In the immediacy of a conflict or natural disaster, migrants, like many other affected populations, will seek to flee to safety by relocating within the host State to areas unaffected by the crisis, across borders to States of transit as a temporary haven, or back to States of origin. Normal immigration processes are disrupted by crises and States may need to clarify how disruptions affect such processes.
Migrants may need support to reach safety. Identity and travel documents can be destroyed, lost, or left behind in the chaos or intensity of a crisis. Some migrants, particularly victims of trafficking or migrants in other exploitative situations, may have had their identity and travel documents confiscated. Yet others may have arrived in the host State without authorization and never possessed valid documentation.
Access to valid identity and travel documents is crucial for migrants seeking to cross international borders to escape harm. Migrants may be required to present such documents in order to flee to safety within the host State or to obtain assistance. States of origin depend on identity and travel documents to determine citizenship and to assist citizens to evacuate or return to their homes.
Migrants seeking safety may face barriers in meeting visa requirements, securing immigration exit visas, paying immigration fees or penalties for overstay, and fulfilling entry requirements (particularly in States of transit). Migrants’ ability to move to safety may be limited by visa and work permits that restrict them to particular geographic areas or employers. Waiving restrictions or lifting penalties for violating restrictions during a conflict or natural disaster can help save lives and improve migrants’ access to help.
In addition to dangers in a crisis that prevent all affected populations from fleeing (insecure areas, blocked ports of exit, destroyed transportation infrastructure), migrants in detention are particularly vulnerable. If custodians of detention facilities flee their posts, migrant detainees may be unable to get out of harm’s way and access humanitarian assistance.
Waivers or exceptions to exit, stay, and entry requirements.
Timely issuance of laissez-passer and replacement of other identity and travel documents.
Deployment of consular assistance teams to borders, airports, or other transit points.
Provision of temporary or humanitarian protection status for migrants.
Evacuation plans for detention facilities and migrant shelters.
Advocacy with and among States on keeping borders open to facilitate movement to safety.
Certain stakeholders have mandates and unique skills to address the needs of different migrants. Referral procedures can help access these skills for those with particular needs.

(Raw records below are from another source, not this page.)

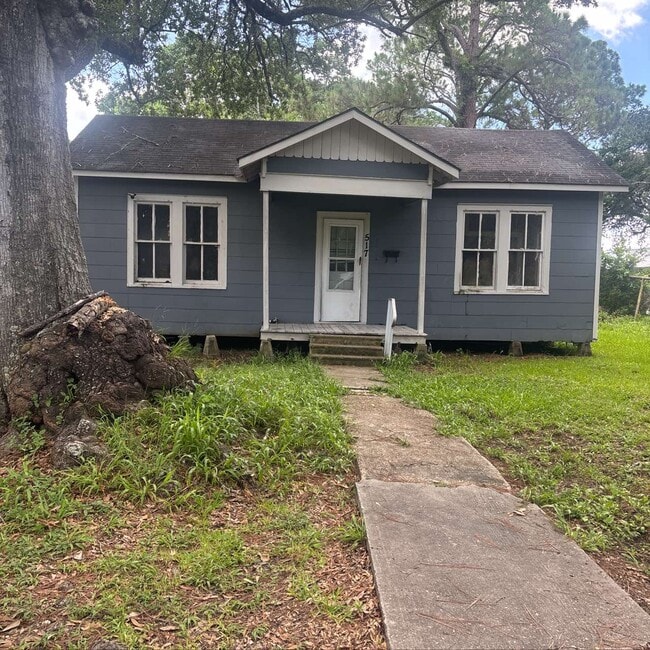 Building Photo - 517 Lasalle St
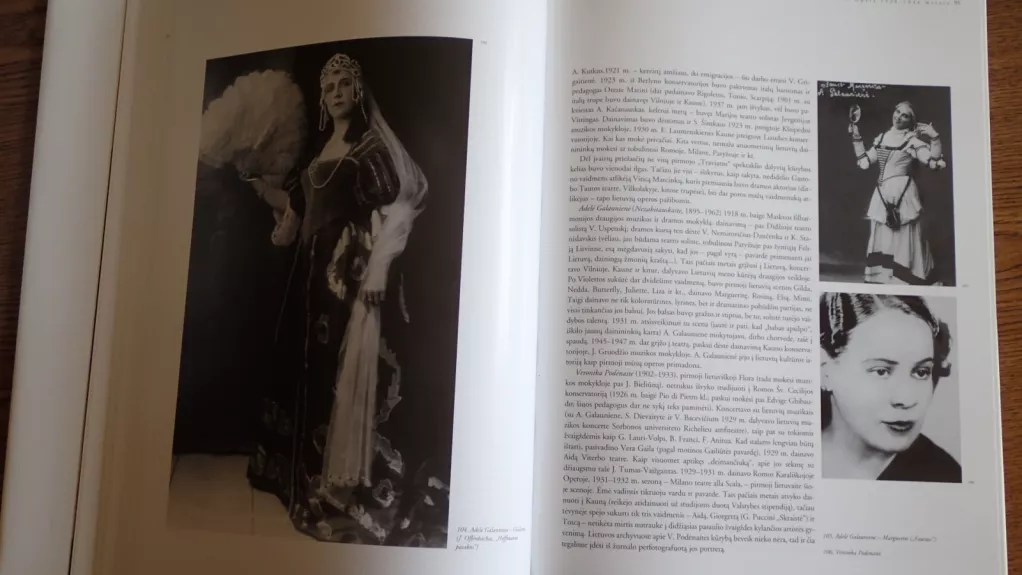Lietuvos nacionalinis operos ir baleto teatras - Jonas Bruveris, knyga 1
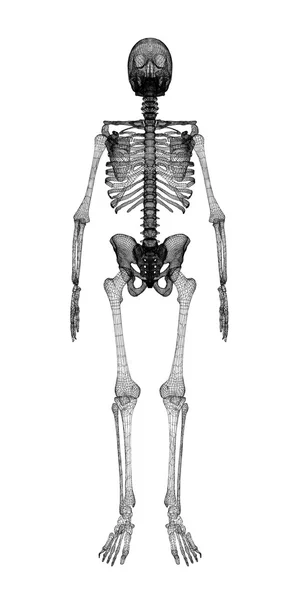 Människokroppen, skelett — Stockfoto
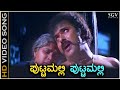Puttamalli Puttamalli Putnanja HD Video Song Ravichandran Meena Mano Hamsalekha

Child migrants, for example, benefit from the assistance of actors versed in children’s rights and protection, including dedicated focal points in governments. Interventions targeted at domestic workers or victims of trafficking may benefit from the knowledge and experience of advocates and specialists on those populations. Civil society, such as migrant, grass roots, and faith-based actors, may be best placed to access migrants in an irregular immigration status. Consular officers and some international organizations may have the authority and capacity to assess identities and issue identity and travel documents. Host State local and national actors are often best placed to provide necessary services and international humanitarian actors should strive to provide assistance through local and national systems.
Stakeholders should establish referral procedures to ensure that those responding to the needs of migrants refer refugees, asylum seekers, and stateless persons to national and international protection mechanisms for those populations.
Identification and rapid assessment of migrants with specific needs who require referrals to services and assistance.
Referral of refugees, asylum seekers, and stateless persons to relevant protection mechanisms.
Deployment of experts to host States to identify, assess, and address needs of migrants.
Referrals to international organizations and civil society with specialized experience assisting victims of trafficking, children, and other vulnerable migrants.